I’ll start with a couple of short items about the state of the world in 1575 CE, then move to the main action, which concerned the still-growing Mughal Empire. (Of course, in Europe meantime, numerous Catholic-Protestant battles, etc, were going on.)
Iberian conquistadors consolidate rule in Americas, West Africa
- In “New Spain”, the Spanish settlers established Villa de la Asunción (today Aguascalientes)
- In Chile, they moved the seat of the Real Audiencia (appellate court) from from Concepción to Santiago. West Africa
- In West Africa, the Portuguese conquistadores established the settler-city of São Paula de Laonda (today, Luanda, Angola.)
Venice suffers damaging plague outbreak
I found a few details here: “Between 1575 and 1577, Venice was devastated by a plague outbreak that killed almost 50,000 people – some 30% of the city’s population.” After prayers, petitions, and processions failed to stem the spread, the doge (the leader of Venice) promised to build a church.” This was the Basilica of the Redeemer (Redentore), which was located on the Giudecca Island, “close to the shore, so that it would be visible from the historic center.” It was designed by the famous Italian architect Andrea Palladio.

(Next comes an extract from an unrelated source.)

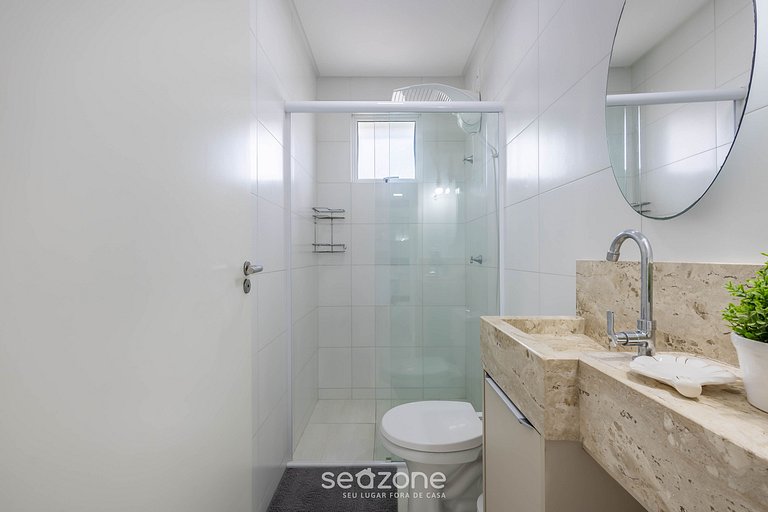 Apto c/ Churrasqueira a 750m da Praia EVP0504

(Venice would have another very bad outbreak of plague around a century later.)
Spanish religious settler activist visits China
Martín de Rada was an Augustinian monk who had traveled with the Legazpi expedition to the Philippines in 1565. In 1572 he became the Augustinian regional superior in the Philippines. Meantime, he had learned the Cebuano language and had started to study “Chinese” (I’m guessing Mandarin?)
On June 26, 1575 de Rada and a colleague met a delegation of Chinese officials who had arrived in Luzon, and traveled back to China with them. They reached the port of Amoy (Xiamen) in Hokkien province on July 5, and visited “a number of cities,” returning to Manila four months later. The source cited here says: “the embassy fail[ed] due to the Spanish inability to capture Lin Feng, a Chinese pirate.”
Mughals take Bengal
Two years earlier, the Mughal emperor, Akbar, had decisively captured Gujarat. The last remnants of the previous Suri Empire were to the east, in Bengal.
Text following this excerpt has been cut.